TSK ve Cumhurbaşkanı
Kürt kökenli vatandaşlara yönelik demokratik açılımlar tartışılırken, Taraf’ın geçen hafta gündeme taşıdığı bir haber arada kaynadı gitti. Haberde TSK nın Abdullah Gül cumhurbaşkanı olunca protokol kurallarını değiştirdiği,seyahatlerde yol güzergahında bulunan yerlerde mola verilmesi halinde Ordu evlerinde Türban yasağının olduğunun Cumhurbaşkanına hatırlatılması gerektiği iddia ediliyor.
Genel kurmay şimdiye kadar bu vahim iddiayı yalanlamadı.
Eğer haber doğruysa genel kurmayın, baş komutanını Ordu evlerine sokmamak için her yolu denediği anlaşılıyor.
Genel kurmayın türban karşıtı tavrı önceden beri biliniyor. Bu hukuk dışı yasağın arkasındaki esas gücün TSK olduğunu da herkes biliyor.
Son otuz yıldır TSK sadece başörtü meydan muharebesini kazandı. Kürt açılımı vesilesiyle terörü göstererek Türkiye’ye baş eğdirmek isteyenler terör mücadelesinde askerin başarısızlığı yüzünden bu kadar küstahlaştılar.
TSK da ki bazı unsurlar baş örtüsü düşmanlığı yapacaklarına görevlerini yapsaydılar bugün Kürt kökenli vatandaşlarımızla daha onurlu bir zeminde meseleleri tartışmak mümkün olurdu. Otuz yıldır süren terör mücadelesinde düzenli orduların terörle mücadelesinin zor olduğu anlaşılmasına rağmen, alternatif bir mücadele biçimi geliştirilememiştir. Otuz yıl, strateji değiştirmeyi düşünmeyen, bir bürokrasi Türkiye açısından bir güvenlik sorununun kapıda olduğuna işarettir.
Kürt açılımına Türkiye, savunma zaafları yüzünden yenilmese de PKK yı yenemediğini kabullenmiş bir psikoloji ile gidiyor.

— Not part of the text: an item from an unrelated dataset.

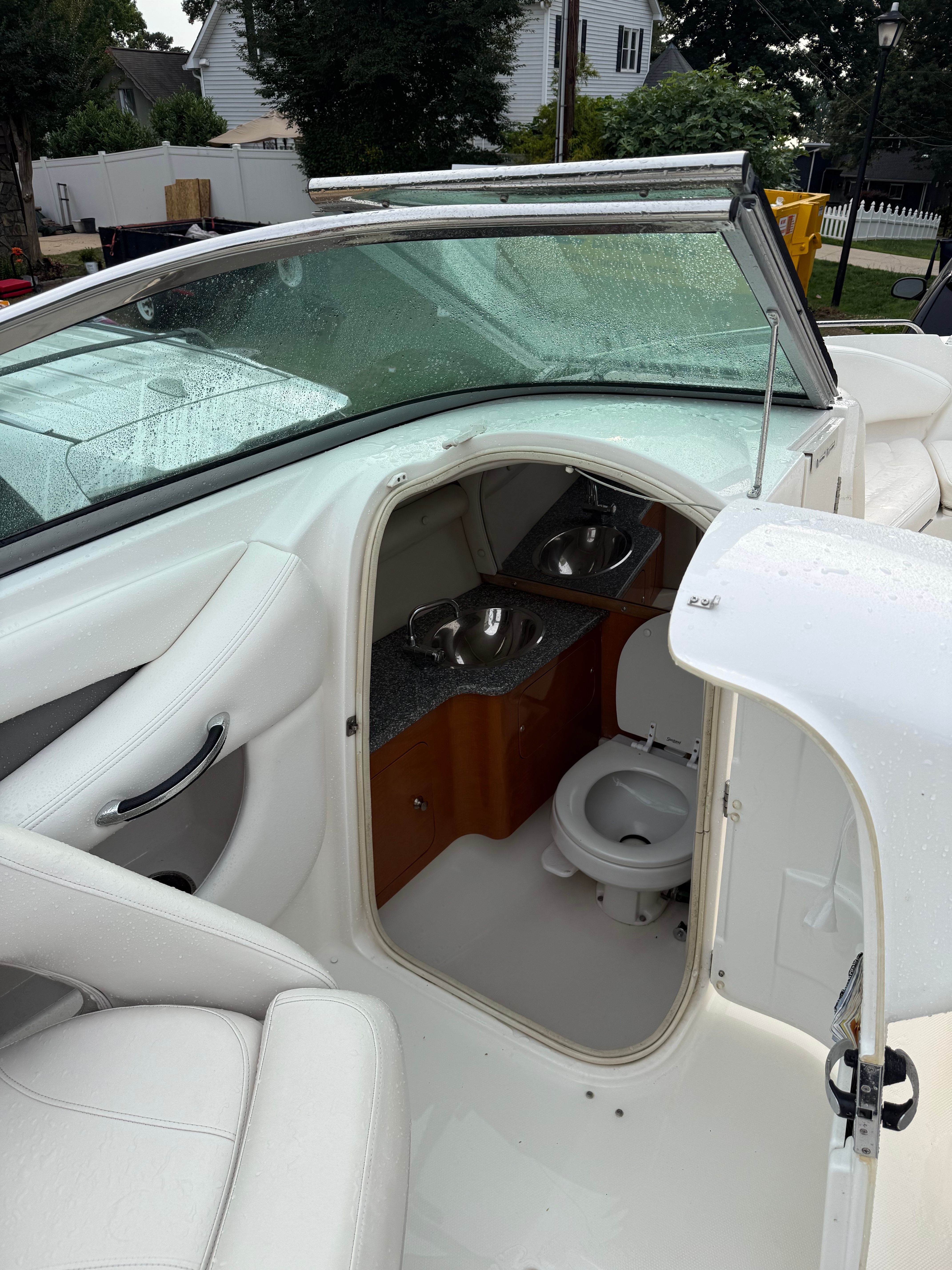 The image shows the interior of a 2007 Chaparral 256 SSX boat with a small toilet.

Tüm çabalar terör gölgesi altında cereyan ediyor. Terör belasından kurtulma adına, Türkiye’nin hem kırmızı çizgileri hem onur çizgileri çiğneniyor. Bununla asla bu problemin çözümsüzlüğe bırakılmasını kast etmiyorum. Bilakis, Ziya Gökalp’in yıllar önce dediği gibi, Kürt’ü sevmeyen Türk, Türk değildir, Türk’ü sevmeyen Kürt, Kürt değildir, sözüne inananlardanım. Ama salim kafayla çözüme bağlanmayan meseleler sonradan daha büyük bir problem halini alarak nüksederler.
Aksi iddia edilse de, Türkiye’yi bu açılıma zorlayan PKK terörüdür.

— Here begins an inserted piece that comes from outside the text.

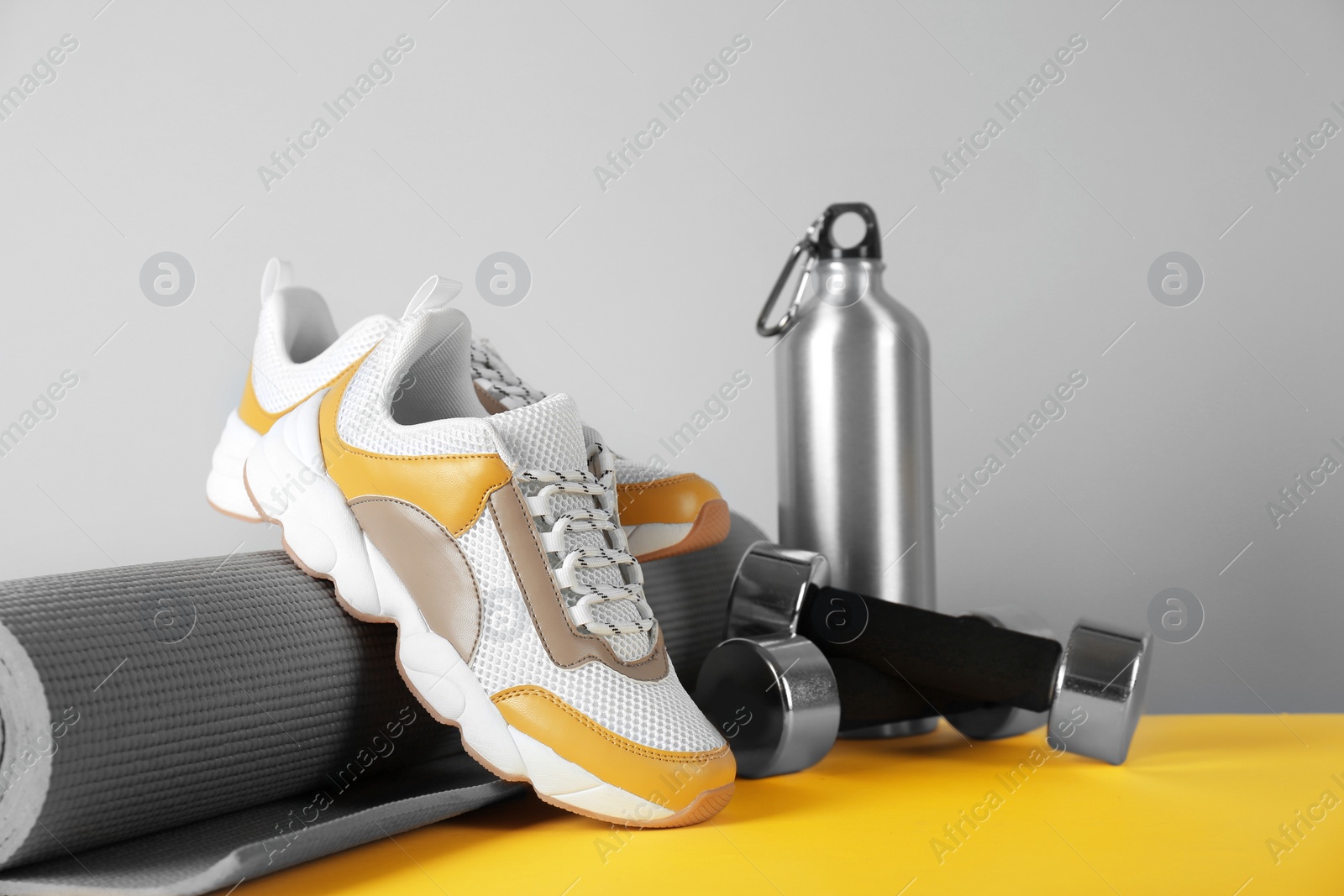 Photo of Composition of modern training shoes with mat, bottle and dumbbells on table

Silahların gölgesinde yapılan açılımların ne kadar derde deva olacağını zaman gösterecek. Hükümetin bu şartlarda masaya oturmasının sebebi, askerin terörle mücadele etmek yerine enerjisini yanlış işlere harcamasındandır. Kimin başı örtülü, hangi bürokrat namaz kılıyor, kim imam hatip mezunu diye araştırmaktan PKK ya zaman kalmamıştır.Ondan sonrada biz görevimizi yapıyoruz, siyasetçi görevini yapmıyor deniliyor. Görev böyle mi yapılır. Topun, tüfeğin, uçağın, tankın var ama otuz yıldır bir avuç eşkiyanın hakkından gelemiyorsun.
Geldiğimiz noktaya rağmen bazı asker bürokratların hala uslanmadıkları Cumhurbaşkanına karşı aldıkları tavırdan anlaşılıyor. Bu ülke askersiz ayakta kalamaz, ama politize olmuş, görev sınırlarının dışına çıkmış bir askerle de ayakta kalamaz. Eğer doğruysa protokol kurallarını değiştirerek Cumhurbaşkanına yapılan saygısızlık, bütün bir millete yapılmış saygısızlıktır. Türk halkı askerinden siyaset değil, vatanın onurunu, namusunu korumasını bekliyor. En şerefli, en yiğit asker görevini iyi yapan askerdir. TSK bu protokol ayıbından kurtulmalıdır.